Paolo Petroni LUCIO VILLARI, ''LA LUNA DI FIUME - 1919 il complotto'' (GUANDA, pp. 210 - 18,00 euro). Un Gabriele D'Annunzio assolutamente inedito nella precisione del ritratto e documentazione delle idee e dei fatti che farano discutere, in contrasto con quanto scritto anche in questo anno di celebrazione del centenario dell'impresa di Fiume, da cui certo derivarono aspetti esteriori e parole d'ordine del fascismo, di cui in realtà il poeta fu un più violento precursore col suo progetto eversivo, golpista, di distruggere la nascente democrazia liberale italiana, poco dopo la fine della prima guerra mondiale.
''D'Annunzio fu sicuramente e paradossalmente più a destra di Mussolini'', afferma Villari, spiegando in modo efficace e sintetico quanto diffusamente ricostruito in questo suo ultimo libro: ''il poeta soldato era bellicista, guerrafondaio, nazionalista, adoratore della violenza e del sangue, precursore dello squadrismo. Dopo Fiume progettò nel 1919-1920 una marcia su Roma senza timore di rischiare una guerra civile cruenta, per rovesciare con un colpo militare il governo prima di Nitti, poi di Giolitti e deporre Vittorio Emanuele III per sostituirlo sul trono col Duca d'Aosta, uomo di estrema destra''.

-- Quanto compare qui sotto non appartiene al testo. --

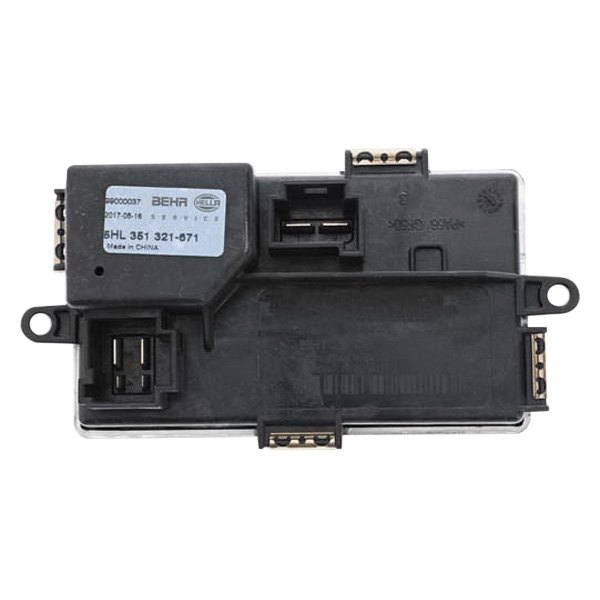 ABR68000P HVAC Blower Motor Regulator for 2013 BMW 640i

Il pretesto, l'occasione fu la famosa ''vittoria mutilata'', il risultato della Conferenza di pace di Versailles in cui gli stessi alleati dell'Italia, Stati Uniti in testa con Gran Bretagna e Francia, non trovarono alcuna ragione politica, giuridica, diplomatica per assegnare la città di Fiume al nostro paese, invece che alla nascente nazione che sarebbe poi stata la Jugoslavia. Da qui il colpo di mano e occupazione di Fiume di D'Annunzio e i suoi arditi che ne fecero una sorta di porto franco di violenze, di circolazione libera della droga, a cominciare dalla cocaina usata dallo stesso poeta, di un amore libero in cui le donne erano più usate che altro, tanto da deludere e rendere insofferenti gli stessi fiumani. Per Villari anche la celebre e citata Carta di Carnaro, Statuto della città, pubblicato più di un anno dopo la sua occupazione, che appariva sorprendentemente avanzato e democratico (dal ribadire la laicità delle scuole e il dritto alla cultura come strumento di libertà sino al voto alle donne) ''era una mistificazione, erano pure chiacchere di un abile mestatore che cercava di confondere le acque e che giustamente Giolitti fece poi sgomberare a suon di cannonate''.

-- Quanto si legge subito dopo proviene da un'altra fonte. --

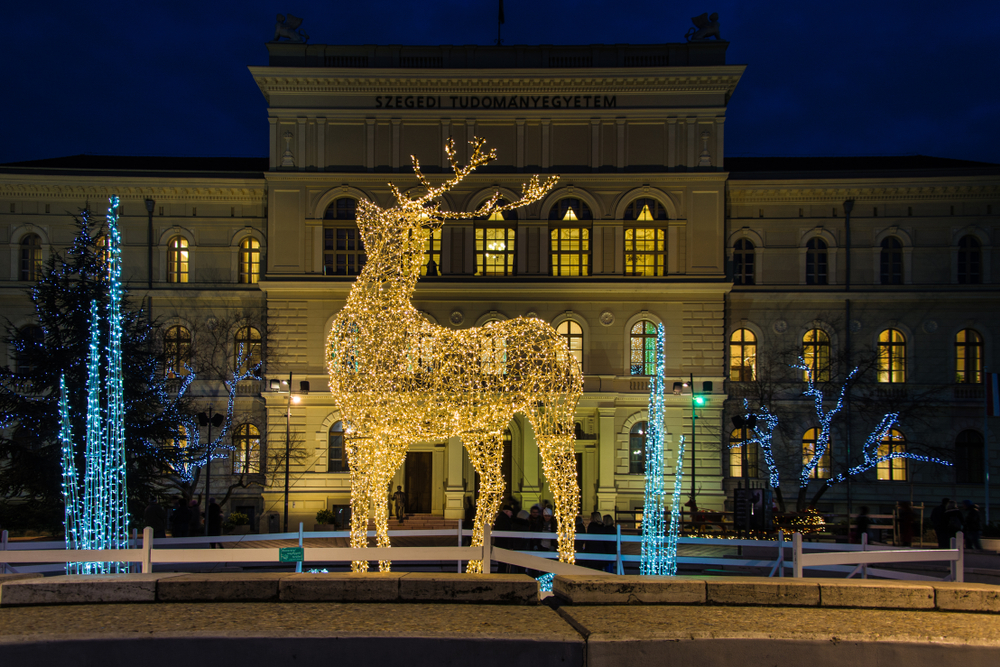 Fogyasztóvédelmi adventi naptárral készül a karácsonyra az MNB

Non a caso, e lo si ricorda anche in queste pagine, secondo De Felice D'Annunzio e Mussolini vissero ''moralmente e politicamente in due modi assolutamente diversi, contrastanti addirittura''. Il vero fascista antesignano estremista era il Vate che poi dal fascismo fu nei fatti isolato e, da uomo avido e corrotto quale era, profumatamente pagato perché si mettesse da parte.

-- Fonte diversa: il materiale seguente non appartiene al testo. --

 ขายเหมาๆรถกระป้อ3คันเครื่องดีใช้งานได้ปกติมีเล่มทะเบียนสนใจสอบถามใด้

Il libro di Villari, che probabilmente susciterà una bella discussione storico politica, ricostruisce una cospirazione di personaggi e venti che operò nei modi più diversi per destabilizzare, in un dopoguerra drammatico, l'Italia, in cui D'Annunzio ebbe un ruolo di primo piano. Sono pagine che raccontano senza pedanteria, il che le rende assai leggibili, senza note accademiche, ma ha alla fine 65 pagine di documenti inediti dell'Archivio Guido Jung (poi Ministro delle finanze e cofondatore dell'Iri nel 1933) avuti da Oscar Sinigaglia, industriale dell'acciaio, fondatore dell'Ilva e acceso nazionalista di destra. Sono lettere, verbali, resoconti riservati di azioni di ''persone che entravano con facilità nelle strutture del potere senza alcuna autorità per farlo , ma ottenendo sempre ascolto e attenzione'' grazie a nascoste complicità, per ''cercar di influenzare in modo occulto, secondo una precisa visione nazionalistica, le iniziative della delegazione italiana a Versailles'' (ora depositati all'Archivio Storico della Banca d'Italia).